DATASET EXCERPTS Start Marker
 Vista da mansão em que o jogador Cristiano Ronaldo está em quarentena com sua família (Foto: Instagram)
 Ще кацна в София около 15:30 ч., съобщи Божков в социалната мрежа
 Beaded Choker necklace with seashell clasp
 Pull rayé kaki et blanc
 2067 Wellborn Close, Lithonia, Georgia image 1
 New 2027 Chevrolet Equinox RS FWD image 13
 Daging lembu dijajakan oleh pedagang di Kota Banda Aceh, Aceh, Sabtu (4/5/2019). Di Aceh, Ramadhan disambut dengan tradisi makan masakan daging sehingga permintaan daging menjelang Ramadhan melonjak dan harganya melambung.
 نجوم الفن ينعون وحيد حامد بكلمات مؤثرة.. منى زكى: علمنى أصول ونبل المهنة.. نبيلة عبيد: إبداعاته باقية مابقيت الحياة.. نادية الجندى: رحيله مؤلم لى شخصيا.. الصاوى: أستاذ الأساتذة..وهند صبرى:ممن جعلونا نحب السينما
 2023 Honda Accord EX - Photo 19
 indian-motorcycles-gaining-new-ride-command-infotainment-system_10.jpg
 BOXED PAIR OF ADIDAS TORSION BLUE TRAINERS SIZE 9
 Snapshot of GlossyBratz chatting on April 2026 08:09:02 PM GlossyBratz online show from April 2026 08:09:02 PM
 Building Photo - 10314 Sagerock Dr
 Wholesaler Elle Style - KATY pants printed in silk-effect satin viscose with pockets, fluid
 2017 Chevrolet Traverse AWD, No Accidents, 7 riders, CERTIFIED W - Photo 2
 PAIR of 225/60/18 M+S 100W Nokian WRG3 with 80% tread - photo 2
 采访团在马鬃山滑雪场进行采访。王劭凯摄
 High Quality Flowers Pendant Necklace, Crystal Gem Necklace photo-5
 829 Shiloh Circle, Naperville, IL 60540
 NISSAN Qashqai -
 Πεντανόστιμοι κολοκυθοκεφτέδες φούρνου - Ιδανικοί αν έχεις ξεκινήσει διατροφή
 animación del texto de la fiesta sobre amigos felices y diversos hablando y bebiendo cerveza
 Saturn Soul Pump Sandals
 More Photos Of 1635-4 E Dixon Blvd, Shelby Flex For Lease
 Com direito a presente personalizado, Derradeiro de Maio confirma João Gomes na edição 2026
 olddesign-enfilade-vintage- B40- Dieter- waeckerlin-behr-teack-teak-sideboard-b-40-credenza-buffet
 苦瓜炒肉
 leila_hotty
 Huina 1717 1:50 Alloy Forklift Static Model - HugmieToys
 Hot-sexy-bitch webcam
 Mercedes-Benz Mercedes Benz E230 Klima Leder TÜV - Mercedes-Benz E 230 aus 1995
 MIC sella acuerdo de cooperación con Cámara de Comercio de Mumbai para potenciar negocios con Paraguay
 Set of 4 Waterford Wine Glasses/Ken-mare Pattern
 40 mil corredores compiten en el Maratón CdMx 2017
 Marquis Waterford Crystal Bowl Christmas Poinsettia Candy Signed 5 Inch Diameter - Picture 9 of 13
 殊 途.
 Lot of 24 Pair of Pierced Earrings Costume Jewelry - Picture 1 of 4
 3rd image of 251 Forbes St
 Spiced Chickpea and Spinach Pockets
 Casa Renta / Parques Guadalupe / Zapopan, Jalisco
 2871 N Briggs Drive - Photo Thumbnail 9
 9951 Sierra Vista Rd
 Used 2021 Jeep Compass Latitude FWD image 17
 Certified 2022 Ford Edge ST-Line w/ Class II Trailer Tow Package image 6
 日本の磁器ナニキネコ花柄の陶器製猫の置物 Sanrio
DATASET EXCERPTS End Marker
DIRECTIONS FOR THIS TASK >> Retype all of the entries exactly, please.

EXPECTED ANSWER >>
 Vista da mansão em que o jogador Cristiano Ronaldo está em quarentena com sua família (Foto: Instagram)
 Ще кацна в София около 15:30 ч., съобщи Божков в социалната мрежа
 Beaded Choker necklace with seashell clasp
 Pull rayé kaki et blanc
 2067 Wellborn Close, Lithonia, Georgia image 1
 New 2027 Chevrolet Equinox RS FWD image 13
 Daging lembu dijajakan oleh pedagang di Kota Banda Aceh, Aceh, Sabtu (4/5/2019). Di Aceh, Ramadhan disambut dengan tradisi makan masakan daging sehingga permintaan daging menjelang Ramadhan melonjak dan harganya melambung.
 نجوم الفن ينعون وحيد حامد بكلمات مؤثرة.. منى زكى: علمنى أصول ونبل المهنة.. نبيلة عبيد: إبداعاته باقية مابقيت الحياة.. نادية الجندى: رحيله مؤلم لى شخصيا.. الصاوى: أستاذ الأساتذة..وهند صبرى:ممن جعلونا نحب السينما
 2023 Honda Accord EX - Photo 19
 indian-motorcycles-gaining-new-ride-command-infotainment-system_10.jpg
 BOXED PAIR OF ADIDAS TORSION BLUE TRAINERS SIZE 9
 Snapshot of GlossyBratz chatting on April 2026 08:09:02 PM GlossyBratz online show from April 2026 08:09:02 PM
 Building Photo - 10314 Sagerock Dr
 Wholesaler Elle Style - KATY pants printed in silk-effect satin viscose with pockets, fluid
 2017 Chevrolet Traverse AWD, No Accidents, 7 riders, CERTIFIED W - Photo 2
 PAIR of 225/60/18 M+S 100W Nokian WRG3 with 80% tread - photo 2
 采访团在马鬃山滑雪场进行采访。王劭凯摄
 High Quality Flowers Pendant Necklace, Crystal Gem Necklace photo-5
 829 Shiloh Circle, Naperville, IL 60540
 NISSAN Qashqai -
 Πεντανόστιμοι κολοκυθοκεφτέδες φούρνου - Ιδανικοί αν έχεις ξεκινήσει διατροφή
 animación del texto de la fiesta sobre amigos felices y diversos hablando y bebiendo cerveza
 Saturn Soul Pump Sandals
 More Photos Of 1635-4 E Dixon Blvd, Shelby Flex For Lease
 Com direito a presente personalizado, Derradeiro de Maio confirma João Gomes na edição 2026
 olddesign-enfilade-vintage- B40- Dieter- waeckerlin-behr-teack-teak-sideboard-b-40-credenza-buffet
 苦瓜炒肉
 leila_hotty
 Huina 1717 1:50 Alloy Forklift Static Model - HugmieToys
 Hot-sexy-bitch webcam
 Mercedes-Benz Mercedes Benz E230 Klima Leder TÜV - Mercedes-Benz E 230 aus 1995
 MIC sella acuerdo de cooperación con Cámara de Comercio de Mumbai para potenciar negocios con Paraguay
 Set of 4 Waterford Wine Glasses/Ken-mare Pattern
 40 mil corredores compiten en el Maratón CdMx 2017
 Marquis Waterford Crystal Bowl Christmas Poinsettia Candy Signed 5 Inch Diameter - Picture 9 of 13
 殊 途.
 Lot of 24 Pair of Pierced Earrings Costume Jewelry - Picture 1 of 4
 3rd image of 251 Forbes St
 Spiced Chickpea and Spinach Pockets
 Casa Renta / Parques Guadalupe / Zapopan, Jalisco
 2871 N Briggs Drive - Photo Thumbnail 9
 9951 Sierra Vista Rd
 Used 2021 Jeep Compass Latitude FWD image 17
 Certified 2022 Ford Edge ST-Line w/ Class II Trailer Tow Package image 6
 日本の磁器ナニキネコ花柄の陶器製猫の置物 Sanrio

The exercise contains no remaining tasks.